(RECORD EXCERPTS):
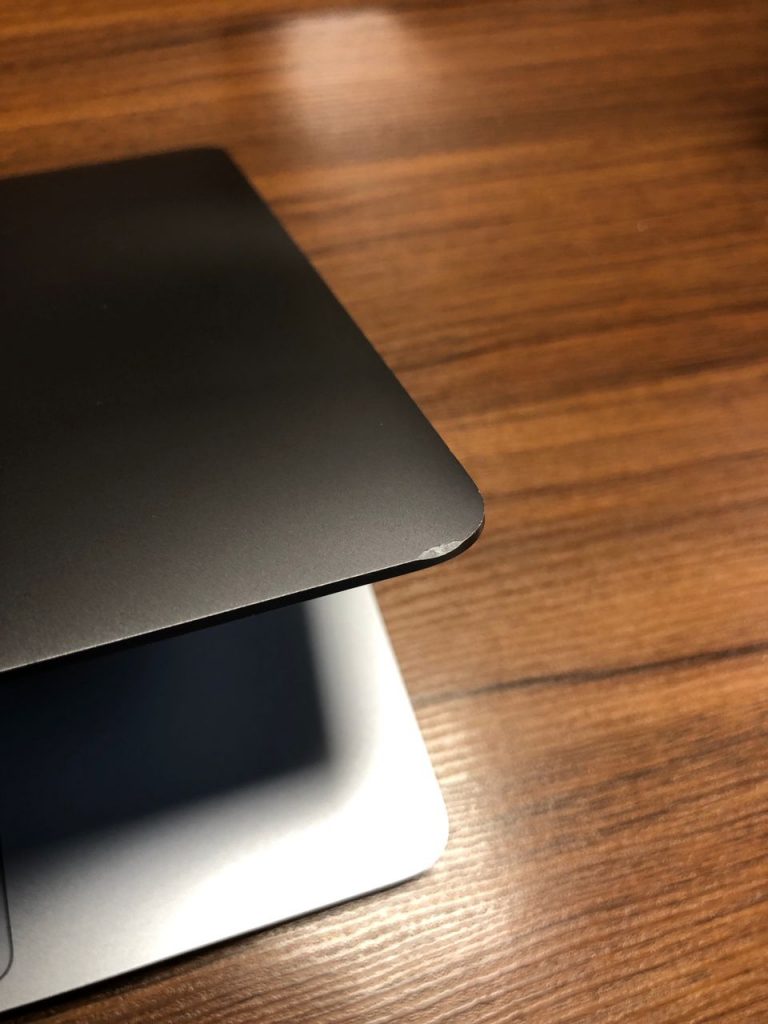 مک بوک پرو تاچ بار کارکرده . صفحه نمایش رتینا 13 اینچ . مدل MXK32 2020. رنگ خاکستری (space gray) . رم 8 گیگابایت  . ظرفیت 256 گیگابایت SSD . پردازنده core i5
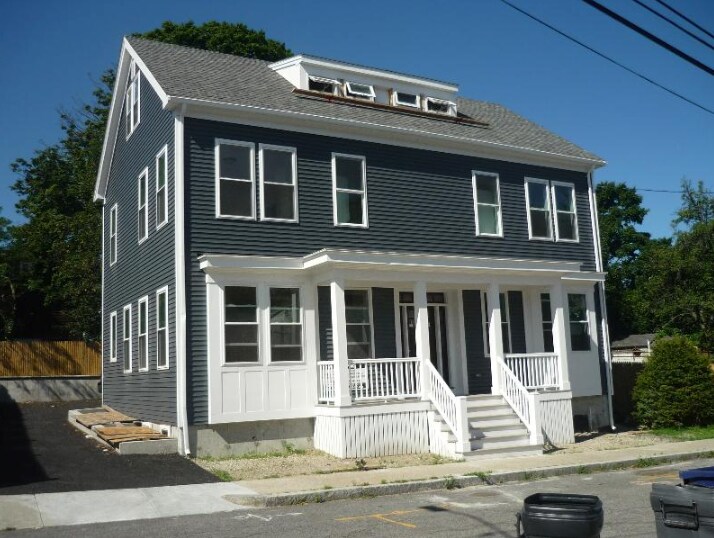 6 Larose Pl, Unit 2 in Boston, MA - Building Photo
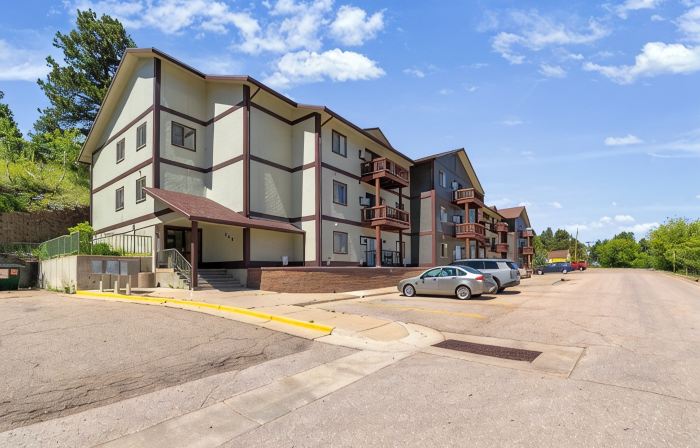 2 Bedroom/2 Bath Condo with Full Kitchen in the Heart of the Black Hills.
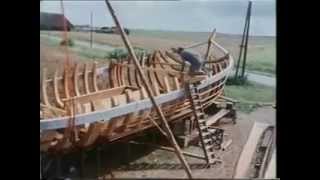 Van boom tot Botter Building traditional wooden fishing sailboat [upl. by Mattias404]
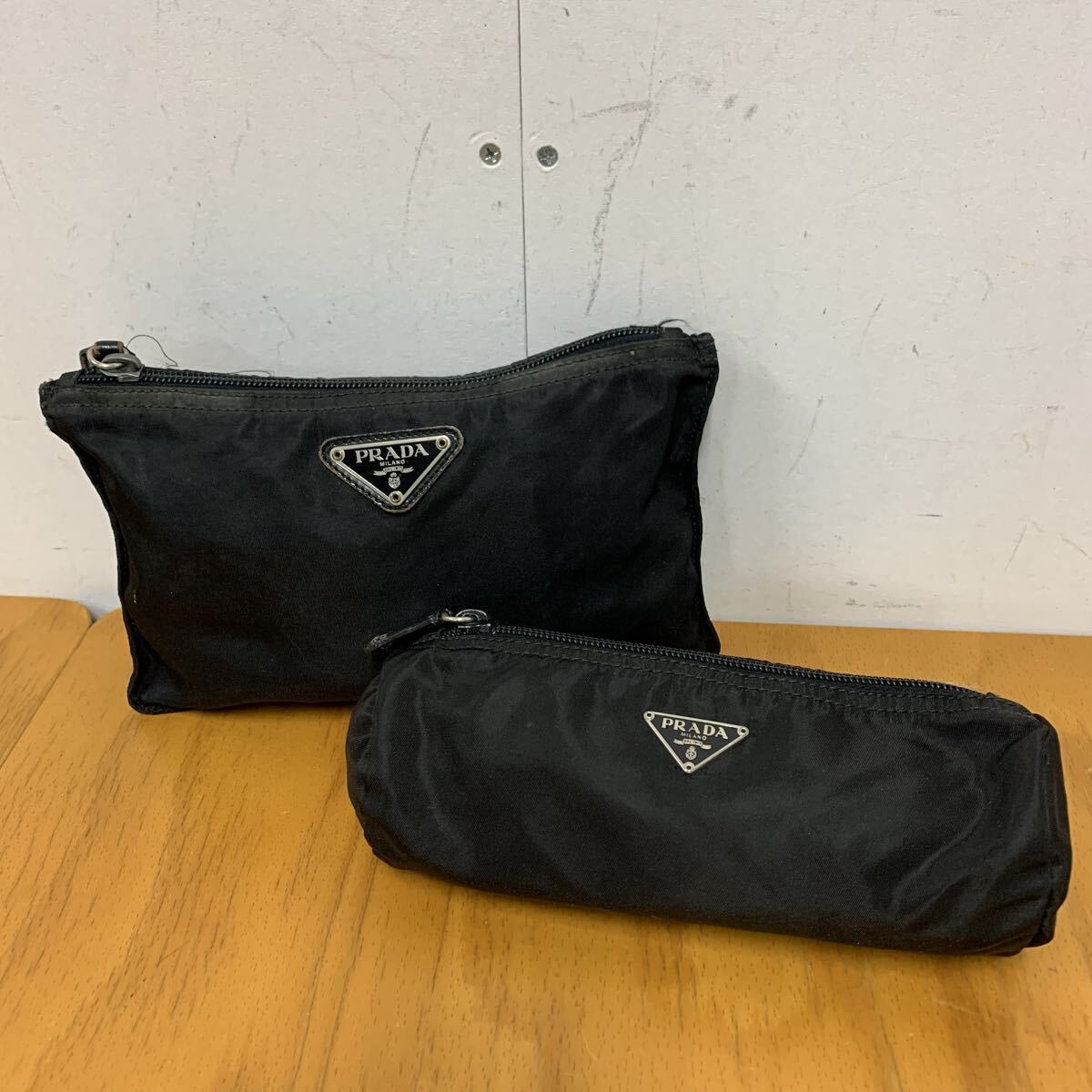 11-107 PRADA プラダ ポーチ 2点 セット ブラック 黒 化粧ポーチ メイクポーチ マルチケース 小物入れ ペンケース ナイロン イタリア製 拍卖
---
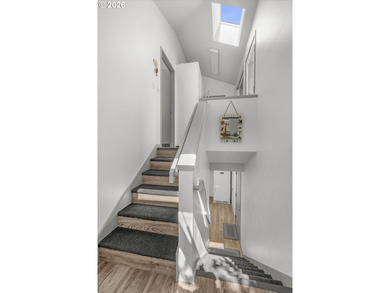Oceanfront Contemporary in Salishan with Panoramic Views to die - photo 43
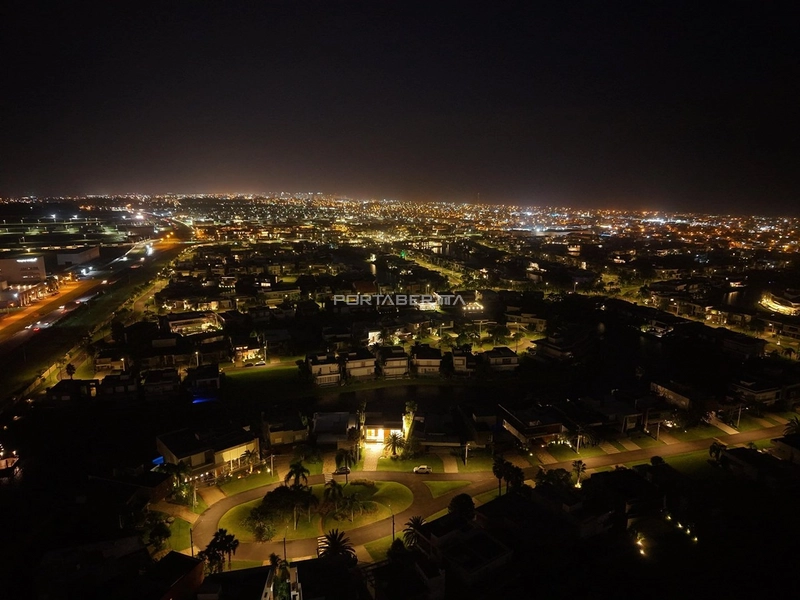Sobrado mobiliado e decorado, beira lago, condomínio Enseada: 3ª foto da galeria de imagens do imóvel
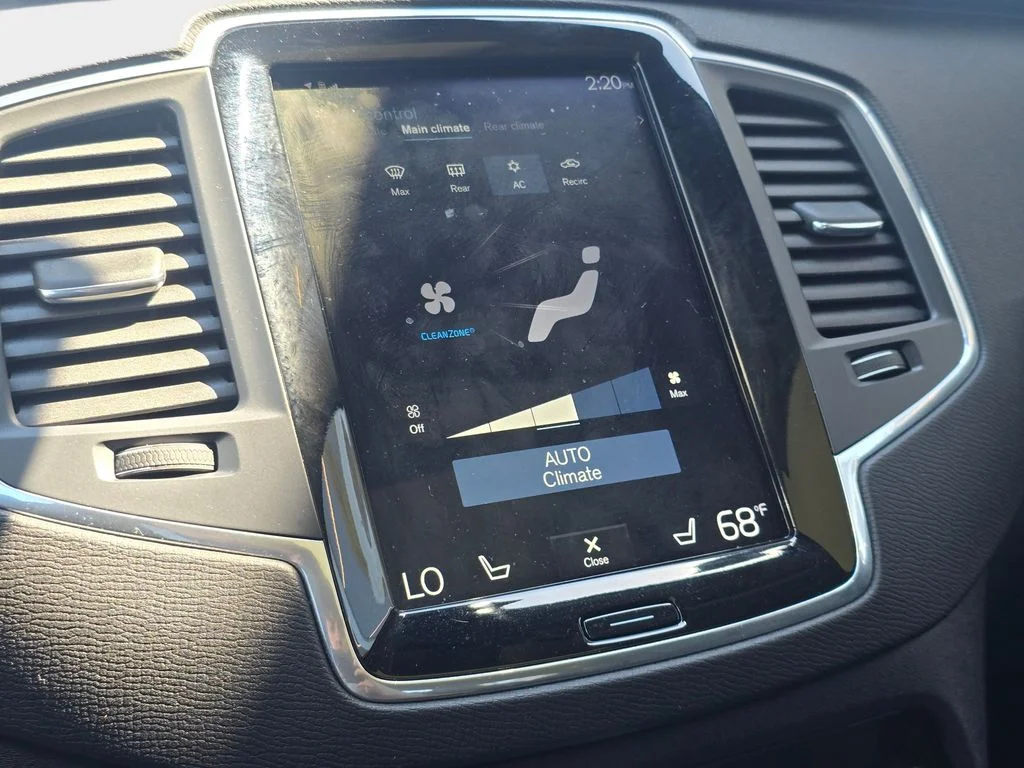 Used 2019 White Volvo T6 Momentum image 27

(WHAT YOU NEED TO DO):
Excerpt from the records above: set down only the lines from the one that contains "2 Bedroom/2 Bath" through the one that contains "11-107 PRADA プラダ", inclusive, word for word. Pictures stay out.

(EXERCISE RESULT):
 2 Bedroom/2 Bath Condo with Full Kitchen in the Heart of the Black Hills.
 Van boom tot Botter Building traditional wooden fishing sailboat [upl. by Mattias404]
 11-107 PRADA プラダ ポーチ 2点 セット ブラック 黒 化粧ポーチ メイクポーチ マルチケース 小物入れ ペンケース ナイロン イタリア製 拍卖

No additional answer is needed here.